Nesta terça-feira (24/2), a Primeira Turma do Supremo Tribunal Federal (STF) dá início a um dos julgamentos mais aguardados do país: a análise da culpa dos acusados de planejar o assassinato da vereadora Marielle Franco e do motorista Anderson Gomes, ocorrido em 2018.

O colegiado, composto por quatro ministros, decidirá o destino de cinco réus apontados pela Polícia Federal e pela Procuradoria-Geral da República (PGR). Entre os crimes imputados estão duplo homicídio qualificado, tentativa de homicídio e organização criminosa.

Os Réus no Banco dos Acusados

  • Domingos Brazão: Conselheiro do TCE-RJ.

  • Chiquinho Brazão: Ex-deputado federal.

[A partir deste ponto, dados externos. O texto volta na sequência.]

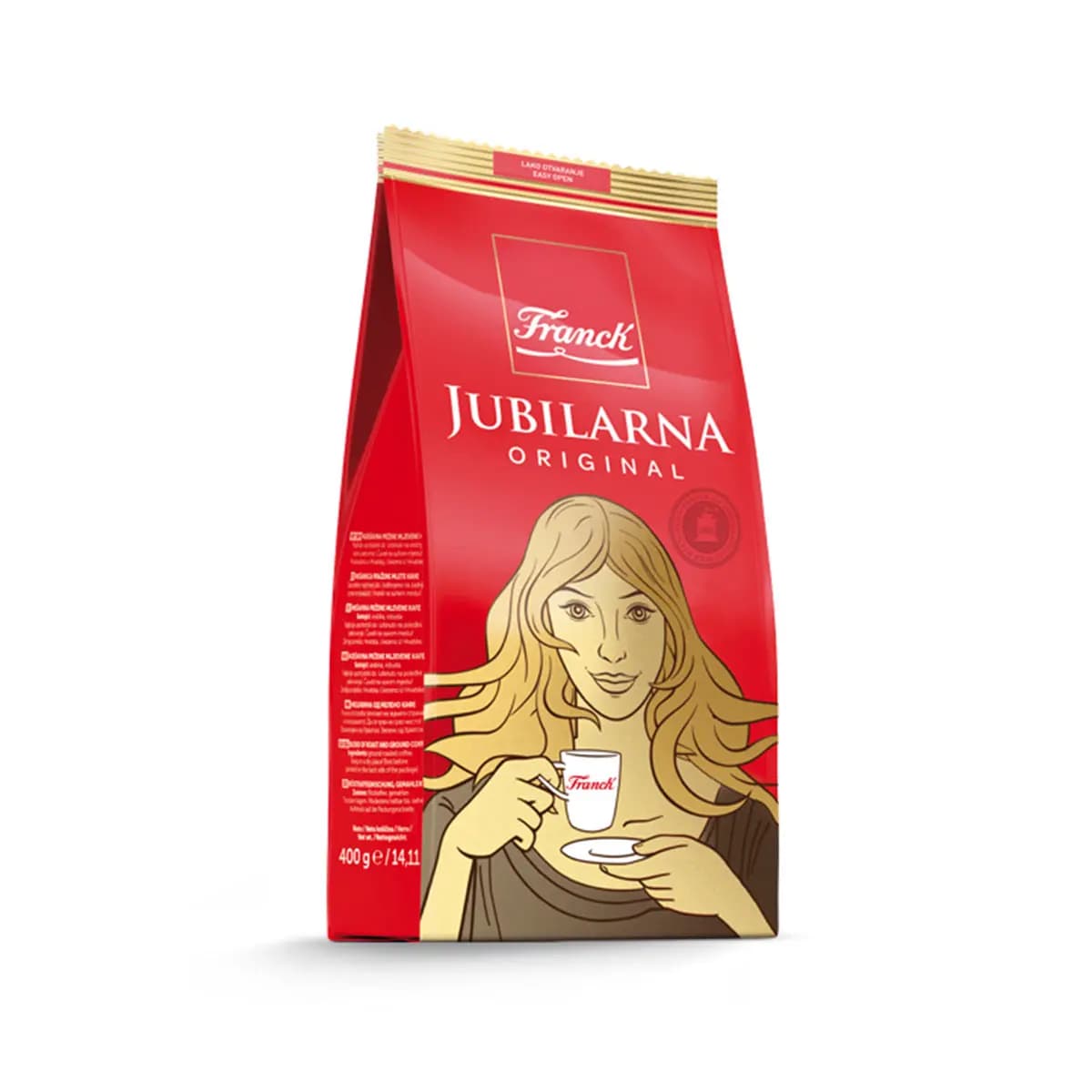 Jubilarna kava Franck 100 g Akcija v trgovini Jager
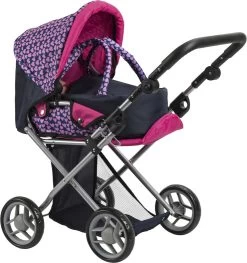 MY BABY DUKKEVOGN 3i1 BLÅ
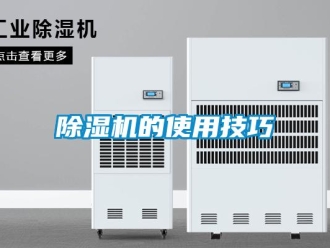 常見問題除濕機的使用技巧
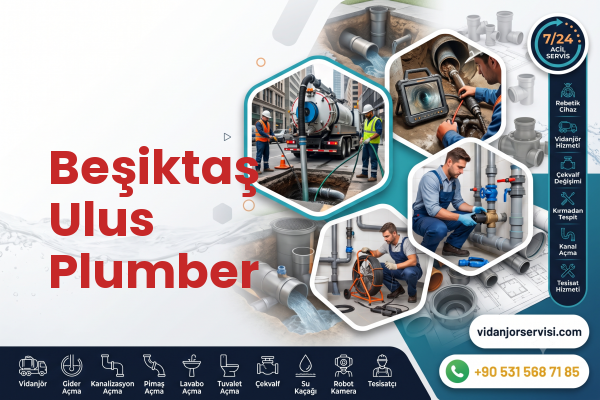 Beşiktaş Ulus Plumber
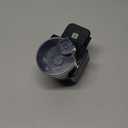 Pawfly Automatic Fish Feeder for Aquarium, Auto Vacation Timer for Tank 60 ml Adjustable Fish Food Dispenser for Pellets Strips, Battery Operated (Battery Not Included)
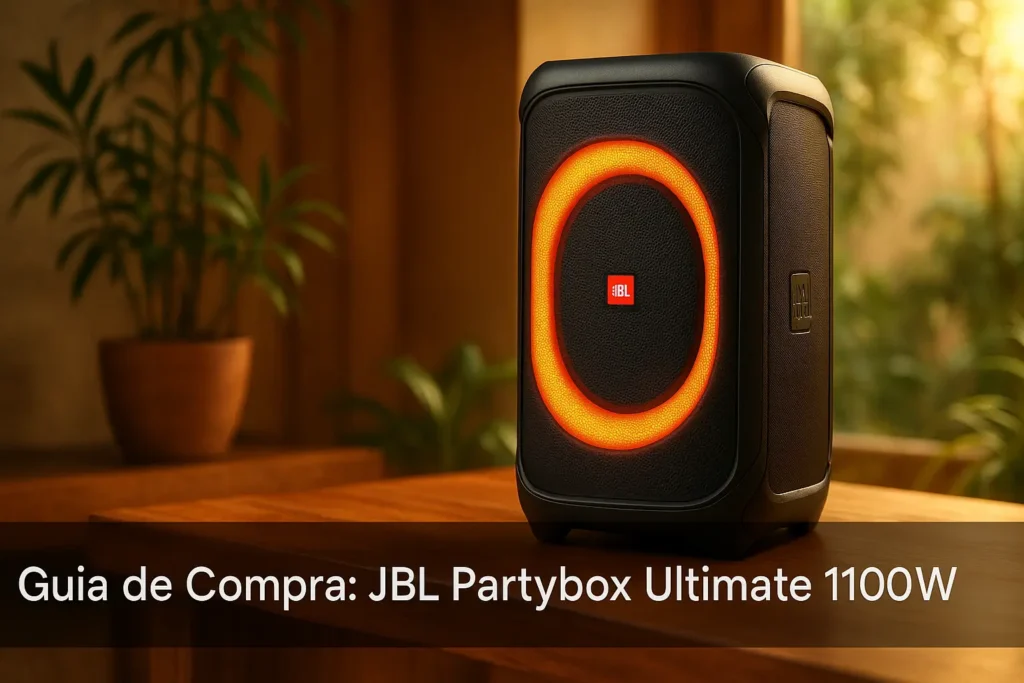 5 Melhores JBL Partybox Ultimate 1100W para Animar Qualquer Festa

  • Rivaldo Barbosa: Delegado e ex-chefe da Polícia Civil do Rio.

  • Ronald Paulo de Alves Pereira: Ex-major da Polícia Militar.

  • Robson Calixto Fonseca ("Peixe"): Ex-assessor de Domingos Brazão.

Por que o caso está no STF se Marielle não tinha foro privilegiado?

Esta é a dúvida de muitos cidadãos: se Marielle Franco era vereadora (cargo que não dá direito a foro no STF) e as vítimas não detêm essa prerrogativa, por que o processo não corre na justiça comum do Rio de Janeiro?

A resposta está em um dos acusados, não na vítima.

O caso subiu para o STF porque um dos supostos mandantes, Chiquinho Brazão, era Deputado Federal no momento em que as investigações avançaram e as medidas cautelares foram tomadas. Pela Constituição Brasileira, parlamentares federais têm direito ao foro no Supremo para crimes cometidos durante o exercício do mandato e relacionados às suas funções.

Como o crime de homicídio foi conectado a uma suposta organização criminosa que envolveria a atuação política dos acusados, e devido à "continência" (quando os crimes e os réus estão tão ligados que não podem ser separados para não haver decisões conflitantes), todos os outros acusados acabaram sendo atraídos para a competência do STF.

Por que os outros réus não são julgados pela Justiça Comum?

Se apenas um dos cinco acusados possui o chamado "foro privilegiado", surge a dúvida: por que os demais (como o ex-assessor ou o ex-major) também estão no STF e não enfrentam um júri popular comum?

A resposta jurídica reside no princípio da Vis Attractiva (Força Atrativa), que funciona sob dois pilares:

  • Conexão e Continência: O Código de Processo Penal determina que, quando vários réus são acusados do mesmo crime ou de crimes umbilicalmente ligados, eles devem ser julgados juntos. Isso evita as chamadas decisões conflitantes. Imagine o risco jurídico de o STF absolver um mandante enquanto um tribunal de primeira instância condena o outro pelo exato mesmo fato?

  • Prevalência da Hierarquia: Quando há um conflito de competência entre diferentes instâncias, a de maior hierarquia "atrai" as demais. Como o processo contra um Deputado Federal deve, por lei, estar no Supremo, os demais réus são "puxados" para Brasília para que o caso seja analisado como um todo, garantindo a unidade das provas e do julgamento.

O Rito do Julgamento: Passo a Passo

Com todos os réus unificados na mesma ação, o rito definido pelo ministro Flávio Dino seguirá esta ordem:
Relatório: O ministro Alexandre de Moraes apresenta o resumo de anos de investigação.
Acusação: A PGR e os advogados das vítimas detalham as provas por até 2h30.
Defesa: Cada um dos cinco réus tem 1 hora de fala para seus advogados.
Veredito: Os quatro ministros votam, definindo se houve culpa e qual será a pena.